# [Movie of the Decade- Round 2] The Prestige vs Up



## masamune1 (Jan 1, 2010)

vs






The Poll will remain open for 2 Days. 
The winner will pass on to the next round.


----------



## Chee (Jan 1, 2010)

The Prestige, good film throughout.

Up was great in the beginning and middle, so-so near the end.


----------



## Mider T (Jan 1, 2010)

I'm gonna go with Up.


----------



## Rukia (Jan 1, 2010)

The Prestige for me.

I still think it's a shame The Illusionist didn't get more support for this competition.


----------



## keiiya (Jan 1, 2010)

I'm going with The Prestige. I agree with Chee, Up was a good film but I found that the ending was lacking something.


----------



## Ennoea (Jan 1, 2010)

> The Prestige, good film throughout.
> 
> Up was great in the beginning and middle, so-so near the end



Pretty much.


----------



## Ema Skye (Jan 1, 2010)

I wasn't really a huge fan of the Prestige when I saw it, so I'm going with Up.


----------



## Xion (Jan 1, 2010)

Never saw Up but I am going to assume it is a standard very good Pixar film. The Prestige though engrossed me throughout. I still get chills at the end.

"Abracadabra."


----------



## Yasha (Jan 1, 2010)

Prestige. Up is not even in the top 5 best animations I've seen.


----------



## Gabe (Jan 1, 2010)

i vote for the prestige


----------



## Grape (Jan 2, 2010)

hey hey hey its magic.

prestige.


----------



## Zeropark (Jan 2, 2010)

He must be using magic.

Prestige.


----------



## Niabingi (Jan 2, 2010)

The prestige was long, dragged it's heels and painfully predictable. It's ending wanted to be on The Usual Suspects level and failed spectacularly.

Up gets my vote.


----------



## Rukia (Jan 2, 2010)

Jeesh.  Pretty soon we are going to be down to a couple of animated films and a couple LOTR movies.  Ridiculous.


----------



## Niabingi (Jan 2, 2010)

Better an enjoyable animation than an over complicated, overrated, over long and over acted mediocre film.


----------



## Chee (Jan 2, 2010)

Rukia said:


> Jeesh.  Pretty soon we are going to be down to a couple of animated films and a couple LOTR movies.  Ridiculous.



Ugh. This.


----------



## Rukia (Jan 2, 2010)

Niabingi said:


> Better an enjoyable animation than an over complicated, overrated, over long and over acted mediocre film.

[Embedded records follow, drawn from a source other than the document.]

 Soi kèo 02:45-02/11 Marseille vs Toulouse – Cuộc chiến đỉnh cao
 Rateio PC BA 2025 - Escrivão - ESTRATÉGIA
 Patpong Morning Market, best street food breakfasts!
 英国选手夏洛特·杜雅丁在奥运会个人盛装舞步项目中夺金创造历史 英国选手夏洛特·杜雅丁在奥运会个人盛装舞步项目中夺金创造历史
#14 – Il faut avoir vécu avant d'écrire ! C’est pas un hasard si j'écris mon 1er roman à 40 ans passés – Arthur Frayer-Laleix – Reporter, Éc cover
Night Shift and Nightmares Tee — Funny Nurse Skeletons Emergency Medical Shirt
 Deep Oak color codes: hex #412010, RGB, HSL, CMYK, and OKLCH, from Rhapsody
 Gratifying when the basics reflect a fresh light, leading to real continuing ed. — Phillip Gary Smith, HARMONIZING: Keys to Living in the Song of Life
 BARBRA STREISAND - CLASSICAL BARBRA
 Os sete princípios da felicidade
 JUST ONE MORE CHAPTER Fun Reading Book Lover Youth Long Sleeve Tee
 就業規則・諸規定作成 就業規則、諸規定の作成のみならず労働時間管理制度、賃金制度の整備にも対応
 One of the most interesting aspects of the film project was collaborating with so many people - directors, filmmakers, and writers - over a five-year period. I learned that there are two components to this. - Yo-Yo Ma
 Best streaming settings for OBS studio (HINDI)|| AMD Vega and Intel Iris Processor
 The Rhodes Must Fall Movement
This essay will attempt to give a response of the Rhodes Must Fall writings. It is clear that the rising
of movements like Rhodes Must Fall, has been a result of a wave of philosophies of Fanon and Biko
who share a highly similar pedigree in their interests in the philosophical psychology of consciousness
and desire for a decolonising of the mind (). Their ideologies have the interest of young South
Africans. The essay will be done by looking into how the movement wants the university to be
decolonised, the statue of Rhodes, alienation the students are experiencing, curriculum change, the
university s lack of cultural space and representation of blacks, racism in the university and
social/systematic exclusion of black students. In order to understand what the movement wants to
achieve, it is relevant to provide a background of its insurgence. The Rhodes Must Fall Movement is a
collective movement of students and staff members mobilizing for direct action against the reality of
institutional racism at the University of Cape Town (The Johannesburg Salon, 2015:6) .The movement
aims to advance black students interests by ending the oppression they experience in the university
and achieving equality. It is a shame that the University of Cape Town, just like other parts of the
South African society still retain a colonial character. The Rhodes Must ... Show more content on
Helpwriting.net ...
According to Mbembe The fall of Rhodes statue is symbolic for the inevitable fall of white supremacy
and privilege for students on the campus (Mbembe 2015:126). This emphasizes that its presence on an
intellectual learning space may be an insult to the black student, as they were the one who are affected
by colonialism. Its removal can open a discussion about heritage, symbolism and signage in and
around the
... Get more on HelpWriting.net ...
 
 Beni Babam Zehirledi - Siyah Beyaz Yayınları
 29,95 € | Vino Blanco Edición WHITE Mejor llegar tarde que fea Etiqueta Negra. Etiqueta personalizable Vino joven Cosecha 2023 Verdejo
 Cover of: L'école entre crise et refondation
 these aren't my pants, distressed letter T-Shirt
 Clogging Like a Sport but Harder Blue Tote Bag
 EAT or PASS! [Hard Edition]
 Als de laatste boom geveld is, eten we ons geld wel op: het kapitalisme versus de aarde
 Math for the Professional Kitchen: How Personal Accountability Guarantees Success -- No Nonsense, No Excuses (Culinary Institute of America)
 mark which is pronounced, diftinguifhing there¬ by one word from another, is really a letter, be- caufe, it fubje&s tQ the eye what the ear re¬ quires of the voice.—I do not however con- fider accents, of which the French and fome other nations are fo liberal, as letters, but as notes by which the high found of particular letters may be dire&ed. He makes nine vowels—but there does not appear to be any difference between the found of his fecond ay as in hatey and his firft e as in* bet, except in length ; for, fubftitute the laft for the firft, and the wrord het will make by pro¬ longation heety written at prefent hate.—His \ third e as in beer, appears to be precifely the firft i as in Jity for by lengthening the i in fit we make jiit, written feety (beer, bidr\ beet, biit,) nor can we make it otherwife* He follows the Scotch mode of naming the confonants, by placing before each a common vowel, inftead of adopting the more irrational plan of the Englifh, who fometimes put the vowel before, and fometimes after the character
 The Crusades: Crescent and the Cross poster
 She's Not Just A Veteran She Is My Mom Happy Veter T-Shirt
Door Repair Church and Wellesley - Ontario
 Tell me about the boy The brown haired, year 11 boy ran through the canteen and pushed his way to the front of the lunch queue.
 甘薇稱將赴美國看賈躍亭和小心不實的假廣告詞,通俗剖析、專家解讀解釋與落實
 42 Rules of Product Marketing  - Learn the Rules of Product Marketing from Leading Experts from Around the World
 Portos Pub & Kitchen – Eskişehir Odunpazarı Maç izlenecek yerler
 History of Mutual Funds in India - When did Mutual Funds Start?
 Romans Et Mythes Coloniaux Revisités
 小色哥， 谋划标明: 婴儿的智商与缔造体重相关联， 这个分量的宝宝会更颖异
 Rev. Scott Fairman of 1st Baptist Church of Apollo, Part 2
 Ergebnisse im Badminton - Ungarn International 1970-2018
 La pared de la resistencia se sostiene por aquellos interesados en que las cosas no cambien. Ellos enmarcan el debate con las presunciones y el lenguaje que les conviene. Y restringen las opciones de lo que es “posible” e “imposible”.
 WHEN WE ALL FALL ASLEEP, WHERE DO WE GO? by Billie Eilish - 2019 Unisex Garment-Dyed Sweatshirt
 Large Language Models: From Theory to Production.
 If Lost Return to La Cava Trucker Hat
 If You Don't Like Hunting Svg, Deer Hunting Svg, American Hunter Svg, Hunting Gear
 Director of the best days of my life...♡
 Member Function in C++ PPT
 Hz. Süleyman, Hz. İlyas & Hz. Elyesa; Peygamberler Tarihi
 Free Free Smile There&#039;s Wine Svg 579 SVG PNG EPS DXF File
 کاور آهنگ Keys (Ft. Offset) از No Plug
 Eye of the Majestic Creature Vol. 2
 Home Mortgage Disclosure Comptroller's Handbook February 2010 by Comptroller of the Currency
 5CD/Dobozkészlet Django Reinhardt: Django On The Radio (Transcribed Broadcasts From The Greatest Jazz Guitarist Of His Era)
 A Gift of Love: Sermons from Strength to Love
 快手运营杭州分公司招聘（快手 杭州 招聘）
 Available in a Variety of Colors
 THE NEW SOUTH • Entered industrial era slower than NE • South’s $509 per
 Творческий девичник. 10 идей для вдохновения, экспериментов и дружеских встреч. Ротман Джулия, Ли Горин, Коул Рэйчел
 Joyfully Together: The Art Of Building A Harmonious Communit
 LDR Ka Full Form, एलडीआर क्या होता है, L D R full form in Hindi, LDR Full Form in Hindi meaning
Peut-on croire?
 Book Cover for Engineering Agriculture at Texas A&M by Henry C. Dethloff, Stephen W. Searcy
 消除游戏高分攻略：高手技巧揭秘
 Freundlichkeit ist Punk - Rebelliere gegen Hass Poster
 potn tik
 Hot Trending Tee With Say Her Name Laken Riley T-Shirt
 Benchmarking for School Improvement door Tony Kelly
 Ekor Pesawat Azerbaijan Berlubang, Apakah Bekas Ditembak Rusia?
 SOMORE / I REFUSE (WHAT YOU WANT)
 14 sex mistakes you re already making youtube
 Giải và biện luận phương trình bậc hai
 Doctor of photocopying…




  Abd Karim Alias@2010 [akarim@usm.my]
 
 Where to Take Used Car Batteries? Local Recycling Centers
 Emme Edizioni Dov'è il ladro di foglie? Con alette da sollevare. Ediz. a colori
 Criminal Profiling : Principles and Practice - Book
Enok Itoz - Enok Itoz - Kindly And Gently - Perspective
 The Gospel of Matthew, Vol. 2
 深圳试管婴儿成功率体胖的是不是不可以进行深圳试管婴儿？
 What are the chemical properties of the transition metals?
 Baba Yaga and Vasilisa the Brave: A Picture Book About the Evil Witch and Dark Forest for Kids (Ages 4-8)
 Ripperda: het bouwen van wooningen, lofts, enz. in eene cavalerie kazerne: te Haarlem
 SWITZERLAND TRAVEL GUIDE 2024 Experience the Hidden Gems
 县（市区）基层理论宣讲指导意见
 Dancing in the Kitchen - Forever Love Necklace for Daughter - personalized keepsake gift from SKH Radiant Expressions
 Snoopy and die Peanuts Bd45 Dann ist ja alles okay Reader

I'm not really protesting on behalf of The Prestige.  I have mentioned several times now that I consider The Illusionist to be a superior film.  I feel bad for films like Memento, Requiem For A Dream, and Donnie Darko.


----------



## Sasuke_Bateman (Jan 2, 2010)

I voted for Up, I didn't even watch it.



/spite


----------



## Rukia (Jan 2, 2010)

People are so fickle.  If UP had been released in 2005... it wouldn't even have been nominated for this competition.


----------



## Hyouma (Jan 2, 2010)

^Agreed. But The Prestige wasn't that good either imo. So voting for Up because it's a dual.


----------



## Sen (Jan 2, 2010)

I'm voting for Up 

I love Disney/Pixar movies though, so I suppose that is why   So lighthearted but awesome and sweet too.


----------



## Koi (Jan 2, 2010)

Man, the Prestige is on a the list of movies I REALLY want to see.  :<


----------



## Brian (Jan 2, 2010)

Voting for Up, the story was great and I'm a sucker for animated films.


----------



## Roy (Jan 3, 2010)

Chee said:


> The Prestige, good film throughout.
> 
> Up was great in the beginning and middle, so-so near the end.



QFT           .


----------



## The Pink Ninja (Jan 3, 2010)

Up made me cry

The Prestige made me snore


----------



## Blackfish (Jan 4, 2010)

Dammit, missed this vote. Would have voted for _The Prestige_. Still wouldn't have made a difference to the result, but still.


----------